NWFPs are often assumed to be capable of supporting many rural people and numerous efforts are underway to promote NWFP-based income-generation. There is little evidence to support this assumption. While NWFPs are important, their potential contribution to livelihoods should not be exaggerated and forest dwellers should not be encouraged to base their livelihoods on commodities that are marginal to mainstream commerce. In particular, NWFP development efforts should not lead to forest dwellers missing out on alternative or complementary economic opportunities within and outside forestry.

Further, and perhaps more importantly, focus on NWFPs should not be allowed to distract attention away from the need for forest-dwelling people to benefit from some of the income from commercial timber harvesting and processing. Whether this benefit is arranged through payment of royalties to them in partial or full recognition of traditional rights, through positive discrimination in employment by new enterprises, or through other policy measures, is a decision for society to make in each situation.

Commercial opportunities

Some indigenous people and many migrants-turned-forest-dwellers seek opportunities that are commercial or monetised in nature. The logging industry offers one such opportunity. For example, in Laos a trial programme in Joint Forest Management includes a scheme giving local people the right to share the benefits of commercial logging. In Indonesia, the government introduced a community development programme in 1991 under which forest concessionaires are "to assist in improving the standard of living of forest-dwelling communities." Other major opportunities would be in countries such as Malaysia (Sabah, Sarawak), Papua New Guinea and in the more heavily forested Mekong countries (Myanmar, Cambodia and Laos).

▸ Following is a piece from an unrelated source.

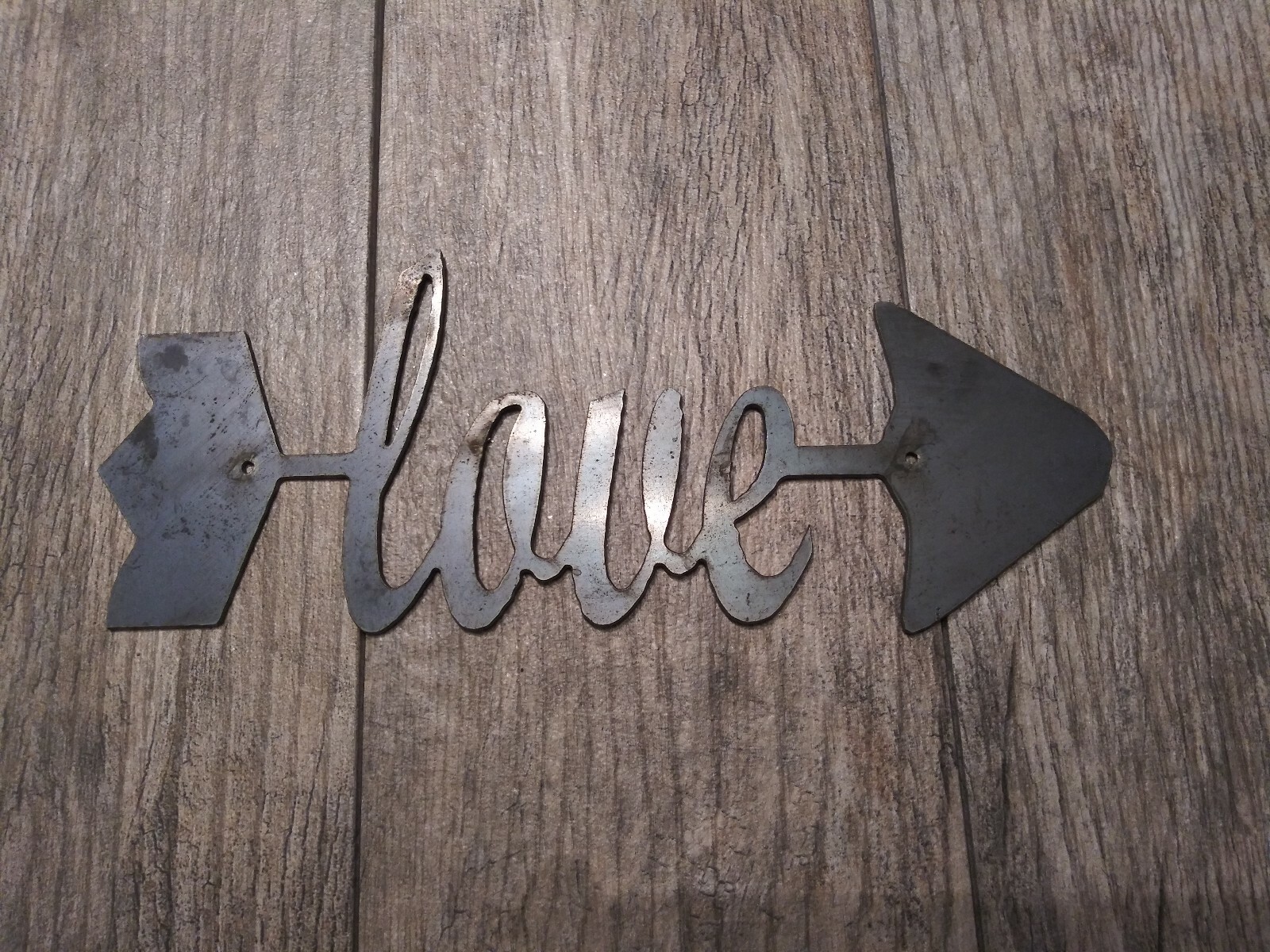 LOVE Metal Wall Art Word Quote Metal Sign Decor, Steel, ARROW Wall 11 x 4.5 in
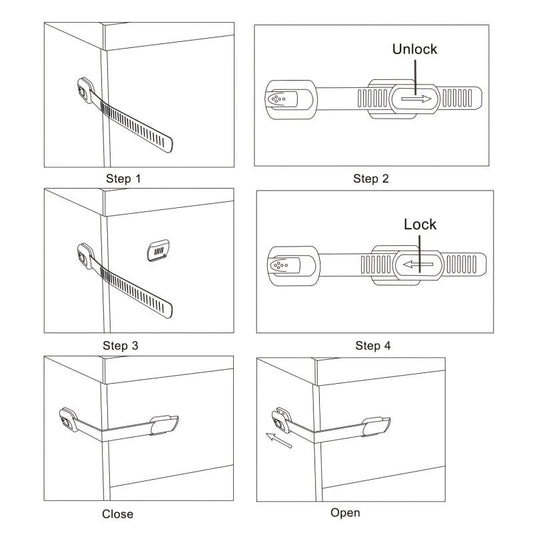 6pcs Baby Protection Cabinet Lock Adjustable Function Lock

Unfortunately, because logging can be a major source of state revenue and political power, it is often a flashpoint for conflict among indigenous local people, political leaders and commercial interests. Among other problems, logging can reduce availability of forest products (including NWFPs) or local people's access to them and can lead to increased competition for resources and economic opportunities with migrant populations. Migrants who follow the logging industry already have skills wanted by the industry and this blocks skill-transfer to local inhabitants. Migrants also occupy and settle on land partially cleared by logging, thus displacing indigenous people. In worst case situations, indigenous dwellers have been forcibly removed61 or forced to accept compensation in exchange for reduced access to forest products.62

61 Fisher (op cit.).

62 One example from the Solomon Islands indicates that a one-off royalty payment caused each villager to lose annually the equivalent of over US$3,900 worth of forest benefits.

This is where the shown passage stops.